• **DIRECTIONS**
Take the line that contains "Casa à venda" and each line after it to the end of the data below, and set them down exactly, omitting pictures.

_ _ _ _ _ _ _

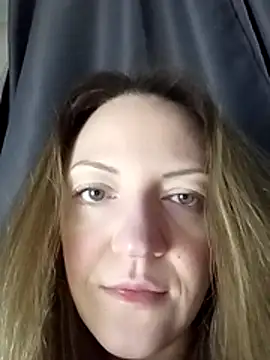 Snapshot of KattyLuuu chatting on February 22, 2026, 6:09 pm KattyLuuu online show from February 22, 2026, 6:09 pm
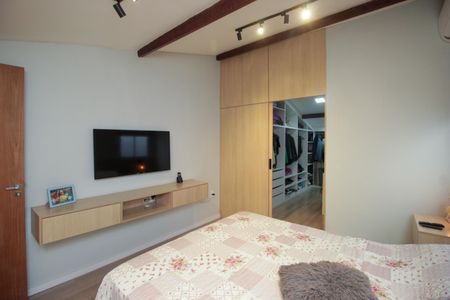 Casa à venda com 165m², 3 quartos e 2 vagasSuíte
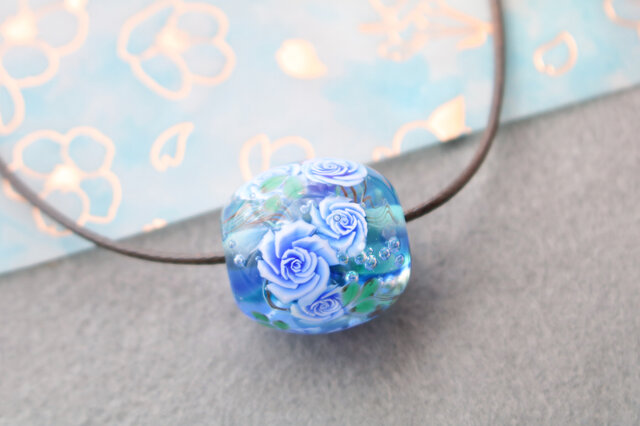 ブルーローズのとんぼ玉（ガラス玉）水色×青／泡入り | iichi 日々の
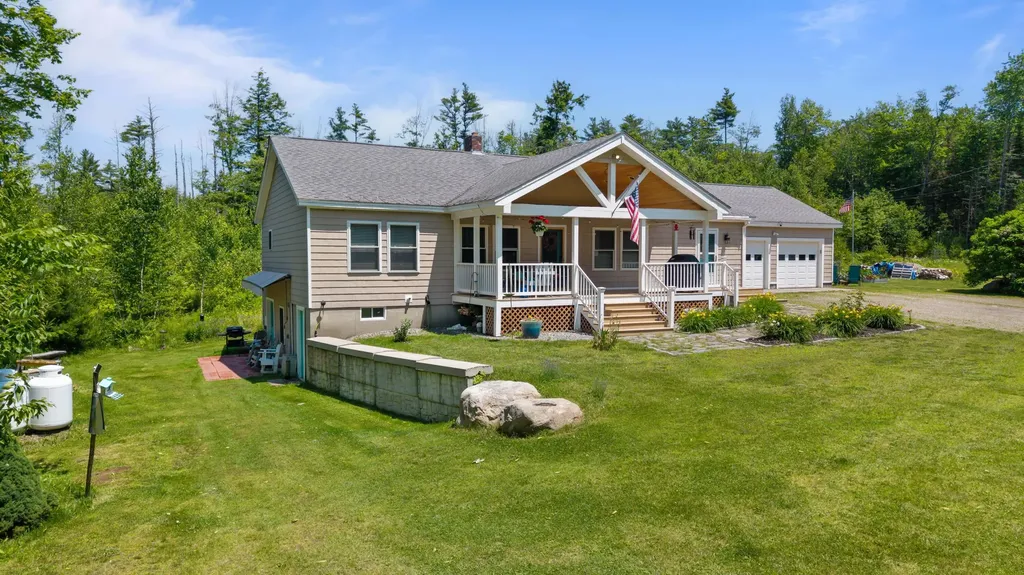 16 Three Pond Trail Wiscasset ME 04578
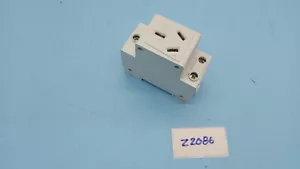 DIN RAIL MOUNT MODULAR POWER SOCKET AC HXD AC30 250V 16A - Picture 1 of 4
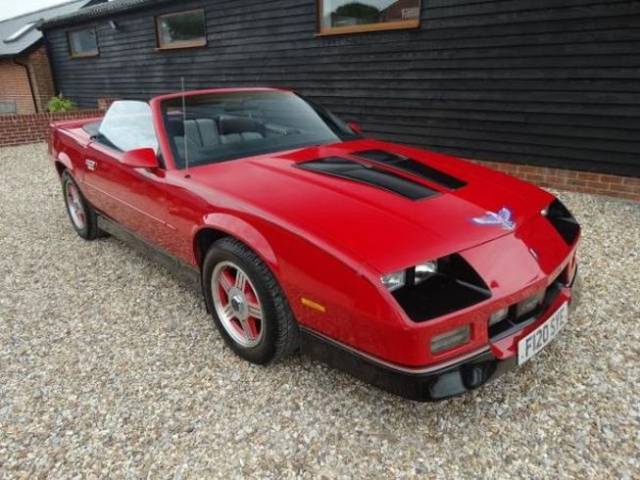 Afbeelding 1/10 van Chevrolet Camaro (1989)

_ _ _ _ _ _ _

• **WRITTEN RESPONSE**
 Casa à venda com 165m², 3 quartos e 2 vagasSuíte
 ブルーローズのとんぼ玉（ガラス玉）水色×青／泡入り | iichi 日々の
 16 Three Pond Trail Wiscasset ME 04578
 DIN RAIL MOUNT MODULAR POWER SOCKET AC HXD AC30 250V 16A - Picture 1 of 4
 Afbeelding 1/10 van Chevrolet Camaro (1989)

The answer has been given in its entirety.